With craniosynostosis, two or more of the five skull plates fuse prematurely, restricting growth in the head for the brain. As the brain expands, the fused skull plates put pressure on the brain and can cause facial and skull deformities and, in some cases, brain damage.
Because the brain grows the fastest from birth to six months, it is ideal if surgeons can correct the problem as early as possible. Because of the massive amount of blood loss associated with the old technique, surgeons could not operate until the infants were between nine months and one year old. Because the new technique involves only a very small amount of blood loss, surgeons have been able to perform the surgery on babies as young as one month old.
"Instead of exposing the skull as surgeons do with the old technique, we are able to make two small incisions and remove a small strip of bone," said Usiakimi Igbaseimokumo, assistant professor of neurosurgery. "Our preliminary results in this study indicate that not only is the surgery successful in correcting the problem, but also that the procedure is as, or more, effective than the older procedure in the long term."
The study followed 78 patients who had the procedure in the last 10 years. Preliminary findings of the pilot study indicated the children were developing correctly and had good facial features. Another benefit of the new surgery is the shorter length of time the child has to be in the operating room.

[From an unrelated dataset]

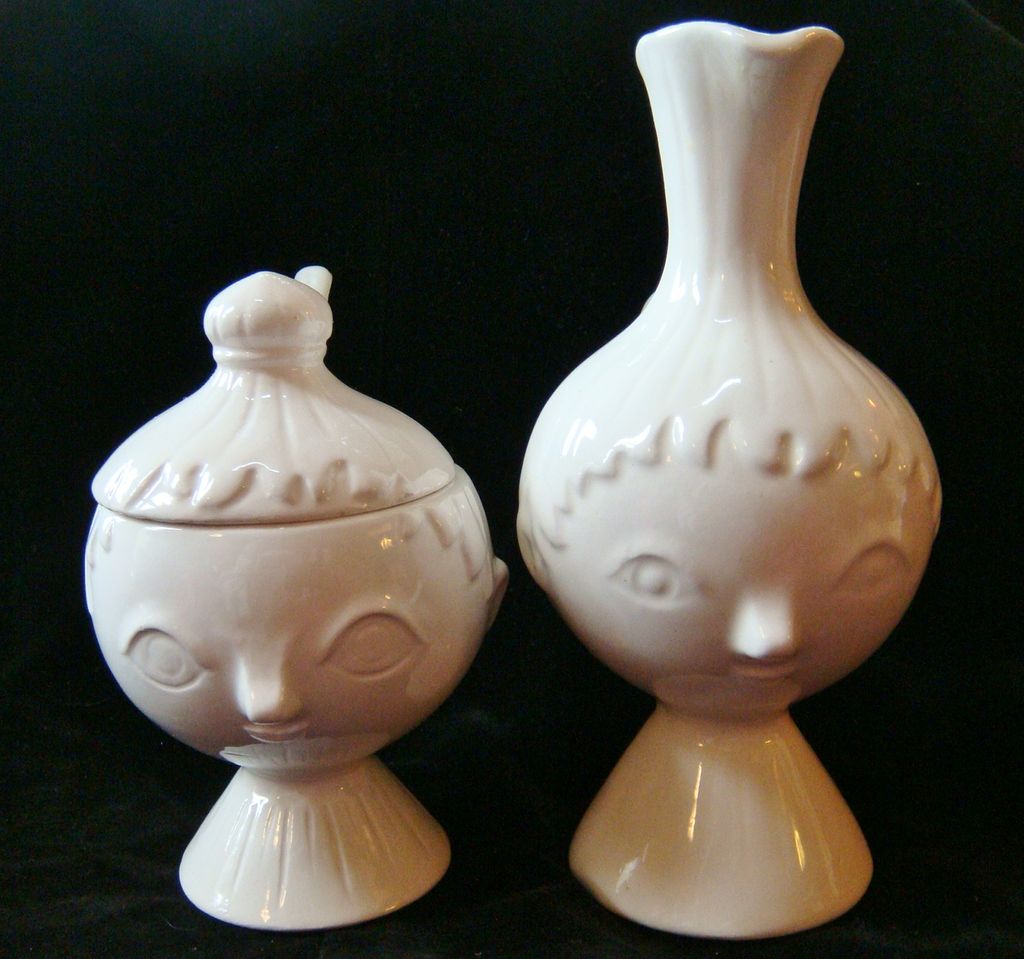 Nippon Yoko Boeki Co, Japanese Boy & Girl Creamer & Sugar Nippon Yoko Boeki Co, Japanese Boy & Girl Creamer & Sugar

The minimally invasive technique only lasts about an hour, while the older technique can last as long as eight hours, Igbaseimokumo said.

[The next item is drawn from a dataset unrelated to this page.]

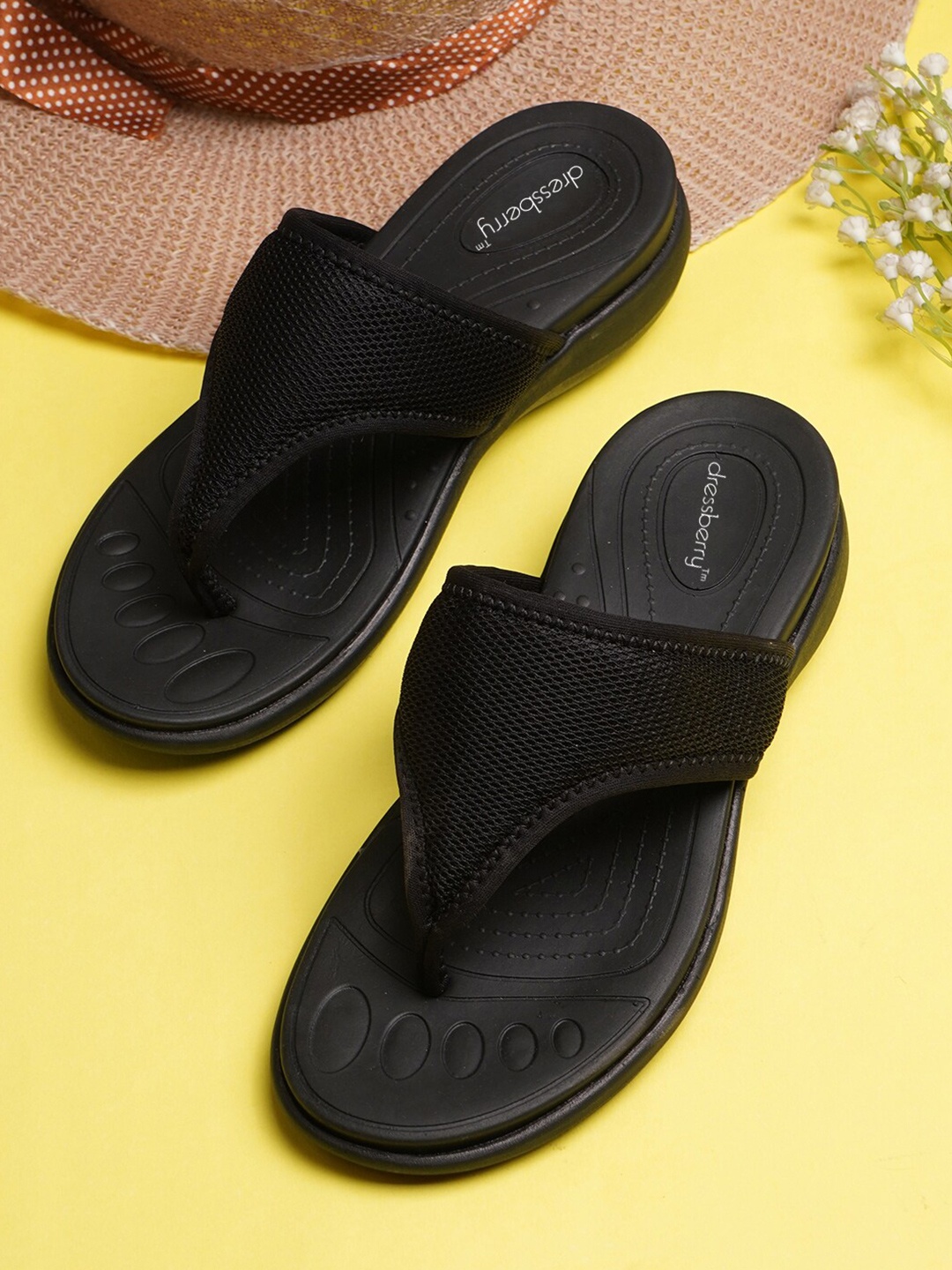 

DressBerry Women Black Thong Flip Flops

Igbaseimokumo, who presented his preliminary findings at a recent meeting of the International Society of Pediatric Neurosurgeons, is will expand his study for another five to 10 years. He will be watching the children's neurological and psychological development, assessing their school reports and examining social and genetic background.
"It's very interesting that despite good results, this minimally invasive technique is not used more by surgeons around the country," Igbaseimokumo said. "We've demonstrated with our preliminary results this technique can correct the problem and help children in their neuropsychological development."